Records from a data source:
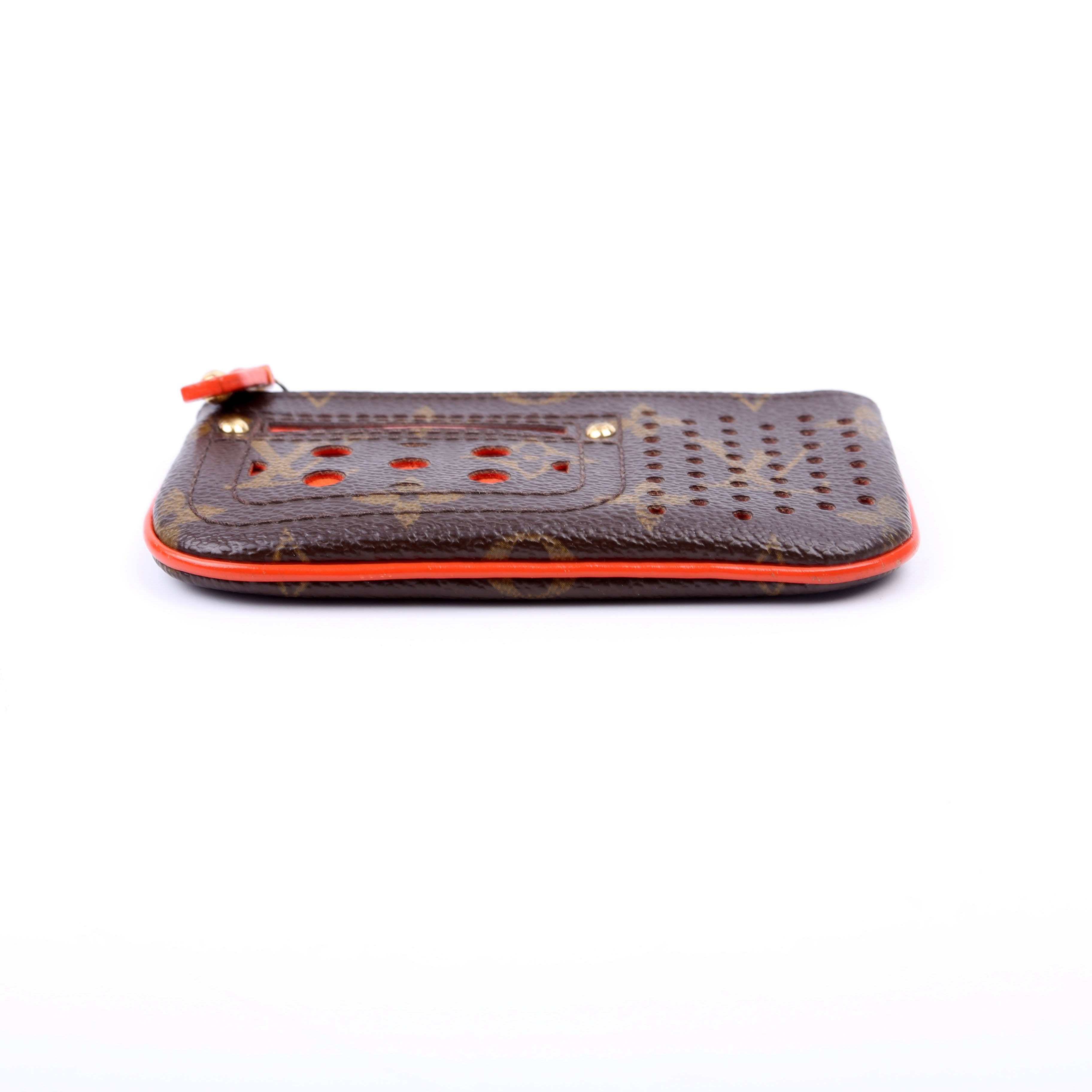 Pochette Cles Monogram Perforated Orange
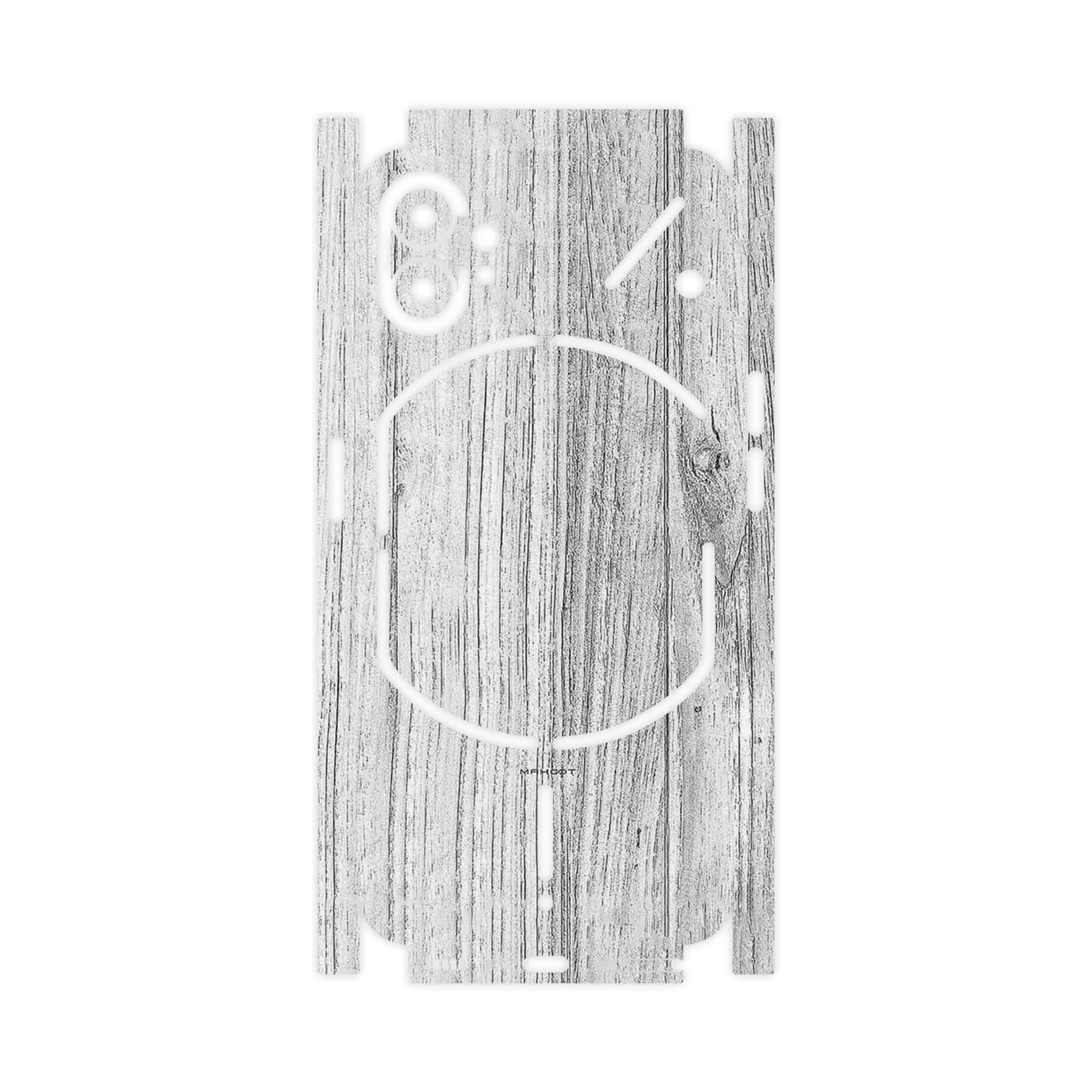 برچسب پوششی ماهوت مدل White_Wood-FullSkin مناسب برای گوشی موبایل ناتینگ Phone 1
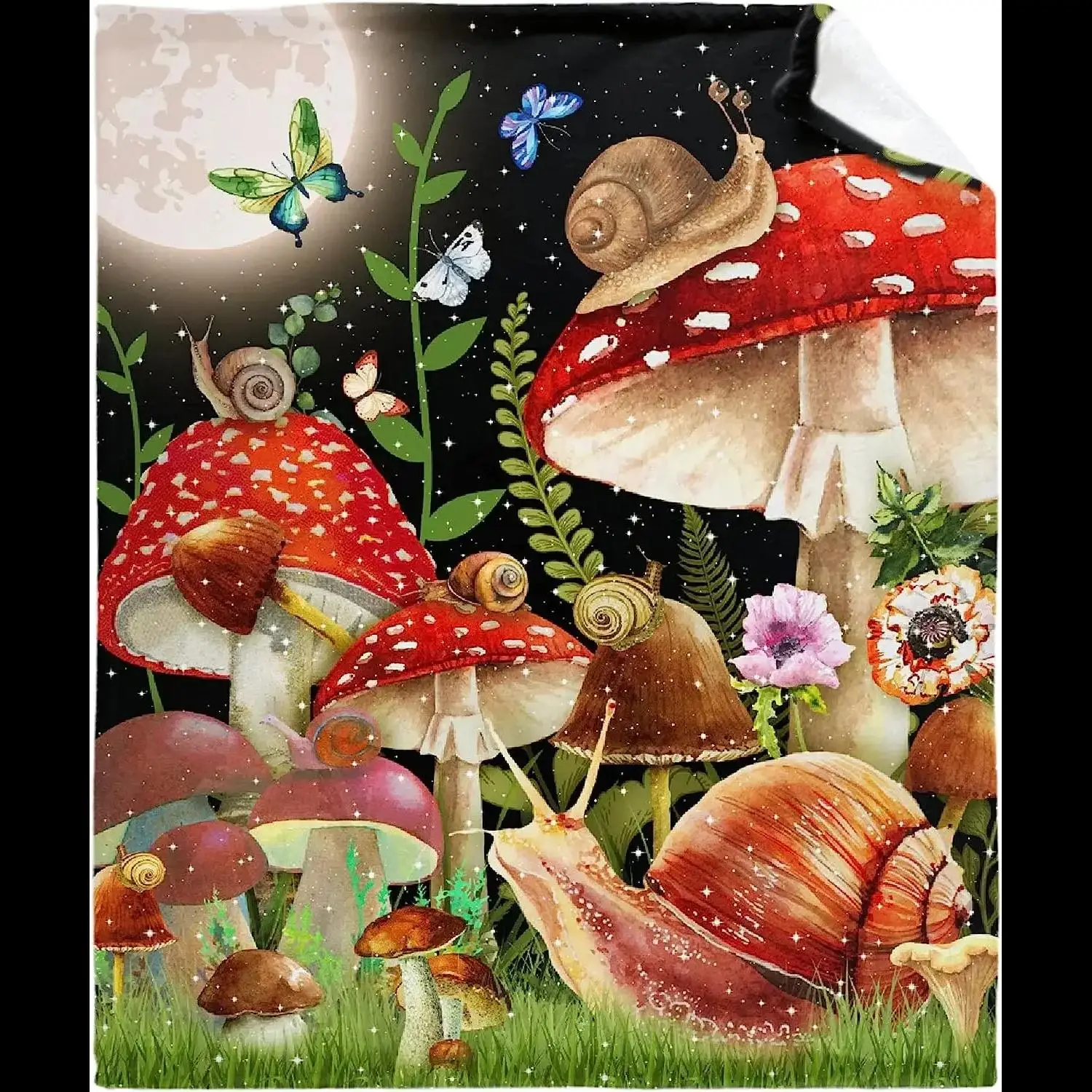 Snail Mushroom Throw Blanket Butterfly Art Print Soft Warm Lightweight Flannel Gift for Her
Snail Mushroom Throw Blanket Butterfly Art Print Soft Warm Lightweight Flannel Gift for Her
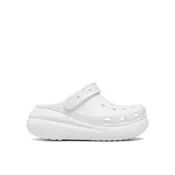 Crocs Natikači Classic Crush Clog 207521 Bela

## Task requirements
Your answer must be an exact reproduction of all entries, containing no pictures.

## Solved exercise
 Pochette Cles Monogram Perforated Orange
 برچسب پوششی ماهوت مدل White_Wood-FullSkin مناسب برای گوشی موبایل ناتینگ Phone 1
 Snail Mushroom Throw Blanket Butterfly Art Print Soft Warm Lightweight Flannel Gift for Her
Snail Mushroom Throw Blanket Butterfly Art Print Soft Warm Lightweight Flannel Gift for Her
 Crocs Natikači Classic Crush Clog 207521 Bela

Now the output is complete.